33. Avrasya Maratonu’ndan
Eski yıllarda atletler arasında söylene bir söz vardı, ‘maraton koşmayan atlete, atlet denmez’ diye. 1980’li yıllara kadar Türkiye’de maraton koşusu deyince aklımıza hemen Türkiye Cumhuriyeti’nin bağımsızlık mücadelesiyle de bağlantısı olan ve Ankara’da ve daha sonraları da Kurtuluş Savaşı’nın başlangıç yeri olan Samsun’da koşulan 19 Mayıs maratonu gelirdi.

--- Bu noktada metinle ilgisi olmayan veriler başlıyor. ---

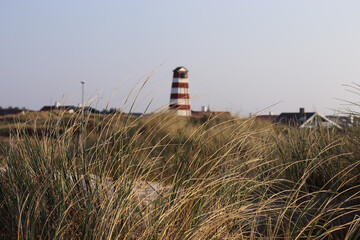 Lighthouse on the beach with tall grass in the wind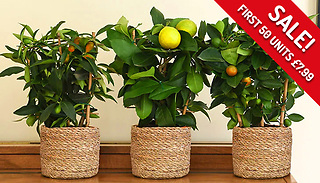 1, 2 or 3 Citrus Tree Collection - Lemon, Lime & Orange!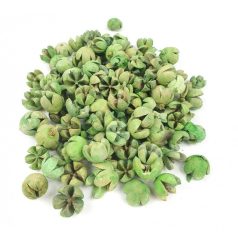  Chiruni termés - Zöld - 13 dkg/csomag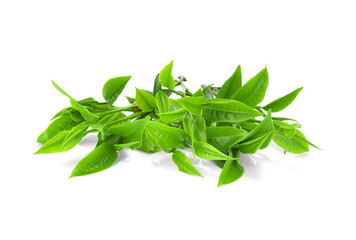pile of green tea leaves isolated on white background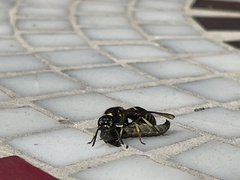 Ancistrocerus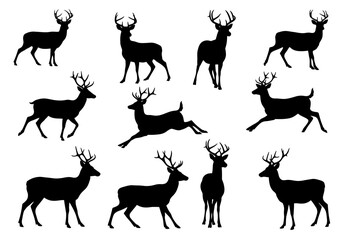 Silhouette Collection of Majestic Deer Stags in Various Poses for Design Projects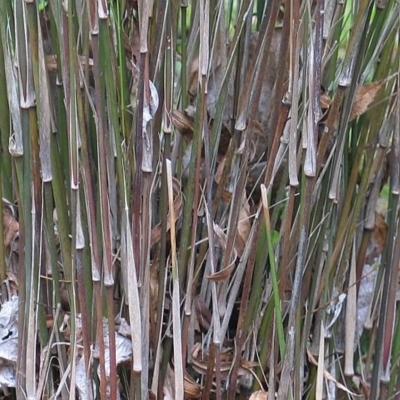 Austrostipa ramosissima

Daha sonraları 19 Mayıs maratonunun ismi duyulmaz oldu ve İstanbul’da bu yıl 16 Ekim 2011 Pazar günü 33. defa koşulan Uluslararası Avrasya Maratonu ön plana geçti. Avrasya maratonu ülkemizde ilk defa yediden yetmişe her yaşta 60 kişilik bir Alman sporcu grubunun İstanbul’da Asya’dan Avrupa’ya boğaz köprüsü üzerinden koşarak geçmesiyle başladı. İstanbul boğazının Asya ile Avrupa’yı boğaz köprüsü ile bir birine bağlayarak spor ortamları açısından da özellik taşıması Türkiye’de Avrasya Maratonu’nu yaratmıştır. Bir kıtadan bir kıtaya koşarak geçmek insanda büyük bir heyecan da yaratmaktadır. Bu heyecanın çoğu zaman anlatılması zor oluyor ama burada koşmak bu zevki koşan sporculara tattırıyor. Ben de yıllardan bu yana Avrasya koşusuna katılıyorum. Yıllar önce iki defa 42 kilometre tam maraton bölümünde bu koşuya tamamlamıştım. Daha sonraları 15 kilometre bölümünde koştum.

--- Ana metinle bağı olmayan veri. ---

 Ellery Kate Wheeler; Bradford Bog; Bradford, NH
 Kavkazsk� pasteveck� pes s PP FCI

Bu yıl Fethiye-Ölüdeniz’den Erdinç Sidekli’nin sahibi olduğu ALCER Ltd. Şirketi’nin ismini taşıyarak yine 15 kilometre bölümünde Asya’dan Avrupa Kıtasına başarılı bir şekilde koşarak geçip Avrasya Maratonu’nun madalyasını aldım. Özellikle Boğaz Köprüsü’nden geçerken İstanbul boğazının verdiği güzelliği seyretmek, sporcularda bir başka itici gücü ortaya çıkarıyor.
15 BİNE YAKIN SPORCU
Aylardan bu yana Türkiye’nin dört bir tarafından bu maratona hazırlanan sporcuların heyecanı, yarış öncesi yarışa ısınma ortamında belli oluyordu.

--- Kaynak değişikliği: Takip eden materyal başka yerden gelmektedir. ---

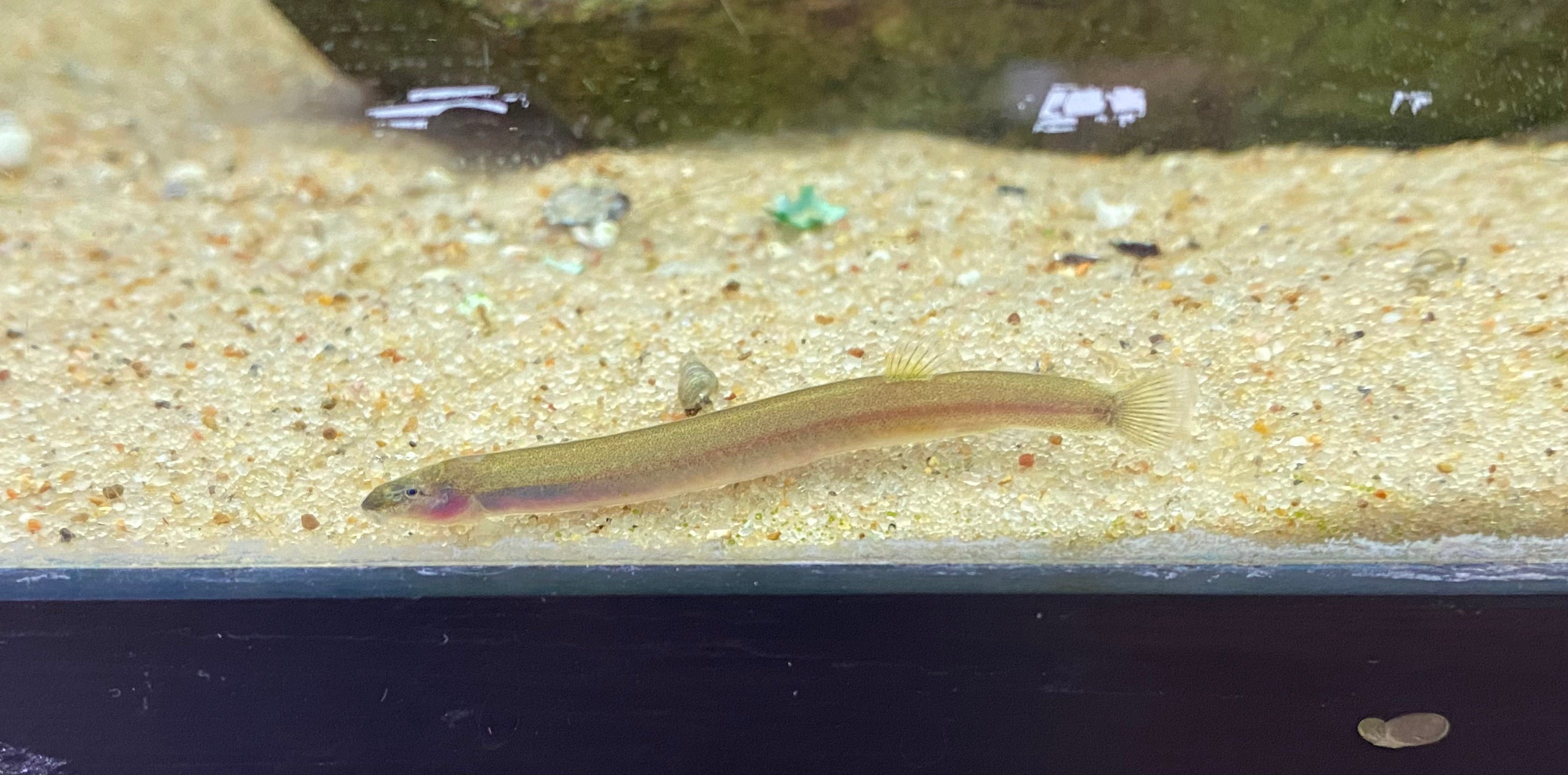 Loach fish hot sale care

42 kilometre ve 15 kilometre lisanslı sporcuların koştukları bölümde 15 bine yakın sporcunun bir birleriyle verdikleri mücadele azmi İstanbul sokaklarında yarışı izleyen seyircilerin alkış ve tezahüratlarıyla karşılanıyordu. Bir kıtadan diğer bir kıtaya koşarak geçmenin ve koşarken boğaz üzerinde köprüden İstanbul’a can veren ve dünyaya İstanbul’un güzelliğinin sergileyen İstanbul boğazının deha görünümü seyretmek spor ortamlarında bir başka heyecanı yaşatıyor sporculara. Bu yıl koşan sporcuların göğüslerinde ve sırtlarında spor adına her açıdan önemli yazıları gördük. Bunlardan aklımda kalanlar ‘Dede koş, baba koş, genç kal, Sigaraya karşı koşuyorum, Baba beni okula gönder. Sporsuz kalma’ sözleri oldu. Soğuk ve yağmurlu havaya rağmen Avrasya maratonunda heyecan yaratan görünümlerden birisi de koşu güzergahı üzerinde sporcuları izleyen insanların koşan sporcuları alkışlamaları sporculara doping etkisi yaratıyordu. Bu yıl 33. si gerçekleşen Uluslararası Avrasya maratonu güzel görünümler arasında geride kaldı ama İstanbul’a ve Türkiye’ye değer katan bu büyük spor organizasyonunun 2012 kayıtları 1 Ocak 2012 tarihinden itibaren başlayacaktır. Türkiye iki kıta arasında gerçekleşen bu spor organizasyonunu diploması de dahi kullanmalıdır. İstanbul’un iki kıtayı birleştiren özelliğini, değerini ve kıymetini bizler anlamalıyız. Çünkü dünya üzerinde iki kıtayı birleştiren böyle bir coğrafi yapı yok.